Sunday, August 1, 2010

Creativity

What I hope to achieve with A Private Eye Nature is not only a knowledge and love of Nature, that weak reflection of God's grandeur, but also to spark creativity through observation and consideration.

Newsweek ran an article this month about The Creativity Crisis in America.  According to the article:

"It’s too early to determine conclusively why U.S. creativity scores are declining. One likely culprit is the number of hours kids now spend in front of the TV and playing videogames rather than engaging in creative activities. Another is the lack of creativity development in our schools. In effect, it’s left to the luck of the draw who becomes creative: there’s no concerted effort to nurture the creativity of all children."

[Perhaps it is all those hours in school where the task is to learn what you are told in the manner in which you are expected, and we are not creative enough to design a better system.  And it is probably not so much "luck of the draw" as it is parental inspiration that determines who becomes creative.]

A lot is going on during the Compare and Consider steps that opens the door to Create; it has inspired so much creativity in my own mind.  My children, while showing a strong creative writing streak this past school year, have yet to be as inspired.  Maybe it shows a need for their creativity training and practice.

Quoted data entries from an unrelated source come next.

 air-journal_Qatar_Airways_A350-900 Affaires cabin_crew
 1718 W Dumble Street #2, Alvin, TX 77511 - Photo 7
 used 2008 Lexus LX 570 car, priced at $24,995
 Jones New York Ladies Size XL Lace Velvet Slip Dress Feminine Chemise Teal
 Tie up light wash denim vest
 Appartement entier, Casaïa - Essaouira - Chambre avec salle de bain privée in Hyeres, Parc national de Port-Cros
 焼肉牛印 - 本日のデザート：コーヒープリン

Then again it may be all the other outdoor distractions summer brings that keeps them from sitting to write or draw.  Still, when they do take the time I see diamonds in the rough.

This is but one of many ways to build creativity in our children.  I see them spontaneously building pretend machines out of old bicycles and sticks, or putting each other in a sarcophagus made of pillows and being archeologists who discovers it, or racing spaceships made of toy desks in the playroom.  Perhaps they are destined to be great builders rather than great artists--or is there a difference, really?